Even with these reforms, shortcomings in China’s health information standard system remain. There was a lack of standard evaluation, and the consistency and interoperability of the standard system needed strengthening [1]. The formulation of China’s standard system lagged behind the development of new technologies. The safety standards, data standards, functional standards, quality assessment standards for information technology products, and management standards for data quality were incomplete. In terms of information security standards, the ownership and usage rights of patients’ health information, as well as the division of rights and responsibilities among all parties, needed further clarification in laws and regulations. There was a lack of security standard evaluation. The Regional Health Informatization Survey reported that in 2018, 75.0% (24/32) of provincial platforms, 30.4% (90/296) of municipal platforms, and 17.7% (234/1322) of county-level platforms had implemented the evaluation of classified information security protection. Only 46.4% (687/1480) of tertiary hospitals, 18.6% (694/3730) of secondary hospitals, and 10% (26/260) of other hospitals had participated in the evaluation. Although China continues to develop health information standards, due to the large number of departments involved, many standards and norms were not unified. There were also problems related to unclear management responsibility for the standards and ineffective supervision mechanism [11].

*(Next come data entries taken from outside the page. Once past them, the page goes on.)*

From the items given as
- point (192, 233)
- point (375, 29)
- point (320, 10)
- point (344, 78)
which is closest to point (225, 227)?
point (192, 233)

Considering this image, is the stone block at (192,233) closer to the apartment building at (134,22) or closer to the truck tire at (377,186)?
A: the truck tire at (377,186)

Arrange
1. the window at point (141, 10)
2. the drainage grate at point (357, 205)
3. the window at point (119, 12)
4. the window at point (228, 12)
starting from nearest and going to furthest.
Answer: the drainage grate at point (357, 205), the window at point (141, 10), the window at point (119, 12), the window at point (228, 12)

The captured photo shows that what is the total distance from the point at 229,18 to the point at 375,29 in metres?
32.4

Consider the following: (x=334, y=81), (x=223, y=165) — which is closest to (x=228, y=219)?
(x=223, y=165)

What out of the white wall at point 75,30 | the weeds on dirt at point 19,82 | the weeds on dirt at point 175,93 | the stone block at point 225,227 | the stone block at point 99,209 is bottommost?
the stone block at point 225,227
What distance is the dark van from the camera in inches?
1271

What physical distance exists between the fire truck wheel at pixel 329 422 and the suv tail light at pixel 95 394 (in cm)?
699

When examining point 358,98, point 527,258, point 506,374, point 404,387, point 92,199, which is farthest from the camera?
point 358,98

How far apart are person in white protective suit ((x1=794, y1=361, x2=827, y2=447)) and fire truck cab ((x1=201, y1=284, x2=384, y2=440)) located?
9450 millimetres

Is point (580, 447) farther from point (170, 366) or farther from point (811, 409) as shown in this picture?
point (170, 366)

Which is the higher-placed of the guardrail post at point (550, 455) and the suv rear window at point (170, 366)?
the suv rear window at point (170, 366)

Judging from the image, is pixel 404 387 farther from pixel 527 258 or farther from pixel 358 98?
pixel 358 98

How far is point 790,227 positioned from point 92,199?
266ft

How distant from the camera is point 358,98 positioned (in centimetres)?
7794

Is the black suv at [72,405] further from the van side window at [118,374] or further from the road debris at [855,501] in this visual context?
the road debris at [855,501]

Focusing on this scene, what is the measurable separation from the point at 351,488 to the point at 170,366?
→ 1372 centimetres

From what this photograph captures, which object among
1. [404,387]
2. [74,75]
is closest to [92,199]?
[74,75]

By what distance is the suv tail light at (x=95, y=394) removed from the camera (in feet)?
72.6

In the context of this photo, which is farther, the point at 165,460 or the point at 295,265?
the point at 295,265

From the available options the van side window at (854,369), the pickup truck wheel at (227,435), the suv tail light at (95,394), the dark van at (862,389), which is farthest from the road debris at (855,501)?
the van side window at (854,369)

Status Quo of the Internet Plus Health Care Service Pattern During COVID-19

As shown in Figure 3, the new service pattern of internet plus health care sought to meet increasing medical demands and virus prevention and control needs during the COVID-19 pandemic.

Figure 3. The applications and achievements of internet plus health care in COVID-19. AI: artificial intelligence, CT: computed tomography, CPE: customer premise equipment, ICU: intensive care unit.
View this figure

Internet plus health care has the characteristics of remoteness, efficiency, intelligence, and convenience, providing online consultation, remote diagnosis, psychological counseling, chronic disease follow-up, and drug distribution to meet people’s medical demands [40,48]. During COVID-19, internet plus health care aimed to break through time and space constraints to both identify and service infected people, block transmission routes, and reduce the risk of population infection. The popularization of internet plus health care has not only improved the efficiency of health care institutions at all levels [51] but also stimulated innovation and accelerated the upgrading of China’s health care service pattern. We set out below the contours of internet plus health care during the COVID-19 pandemic.

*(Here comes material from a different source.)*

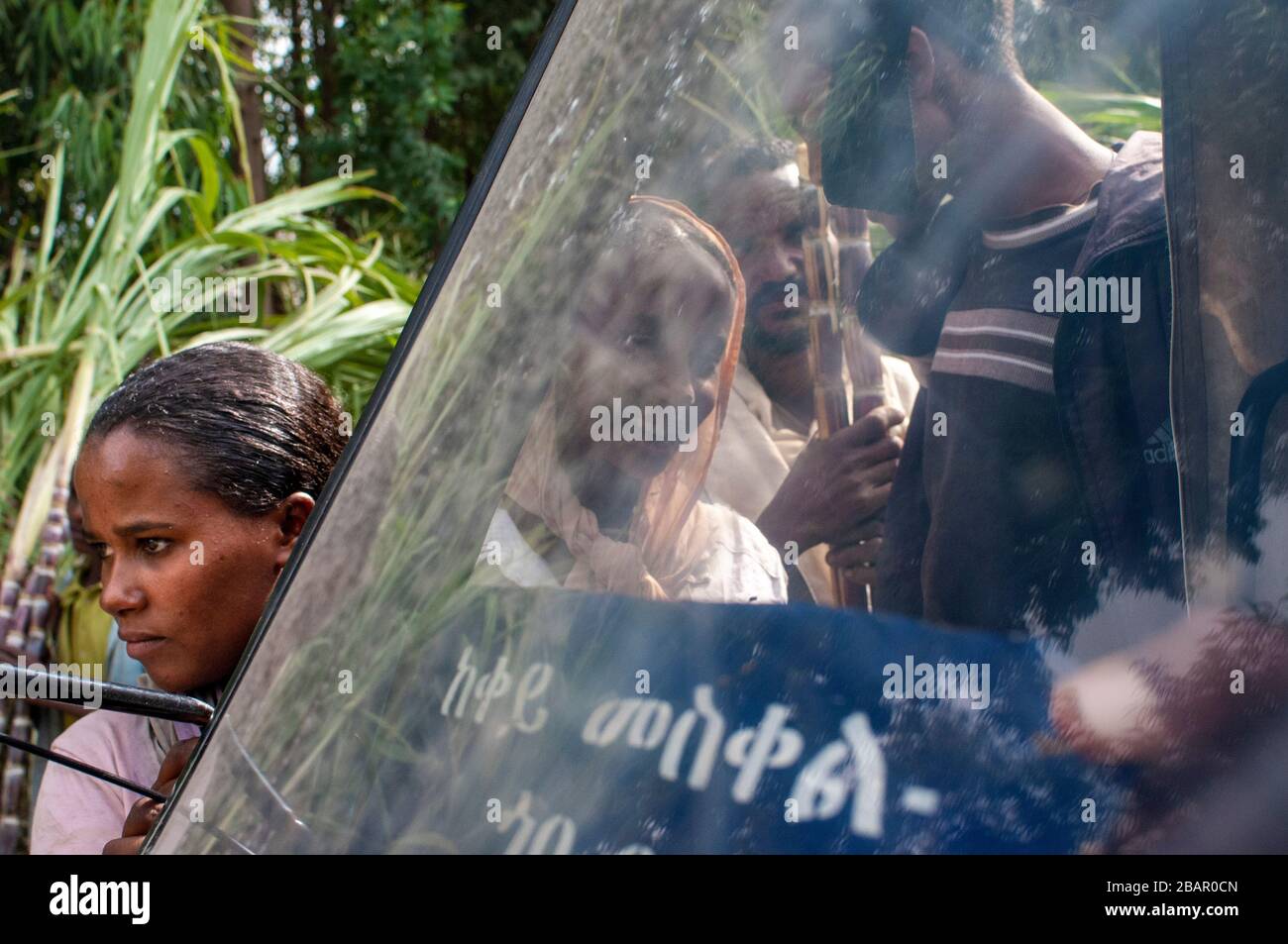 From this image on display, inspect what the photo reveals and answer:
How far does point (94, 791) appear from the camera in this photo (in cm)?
129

Internet Hospitals: To Meet the Demands for Basic Medical Services and Alleviate the Shortage of Medical Resources During COVID-19

Figure 3 identifies the role of internet hospitals and online fever clinics after the COVID-19 outbreak, which were widely established to provide follow-up visits for common and chronic diseases, as well as for psychological counseling services. In an internet hospital, a full set of medical services such as registration, consultation, diagnosis, and prescription were completed by means of video, voice, and graphic communication [52]. Hospitals arranged the delivery of drugs while patients made online payments [53]. By effectively serving a large number of patients with COVID-19, internet hospitals reduced diagnosis and treatment pressure in brick-and-mortar hospitals, greatly alleviating the shortage of medical resources in severely affected COVID-19 areas.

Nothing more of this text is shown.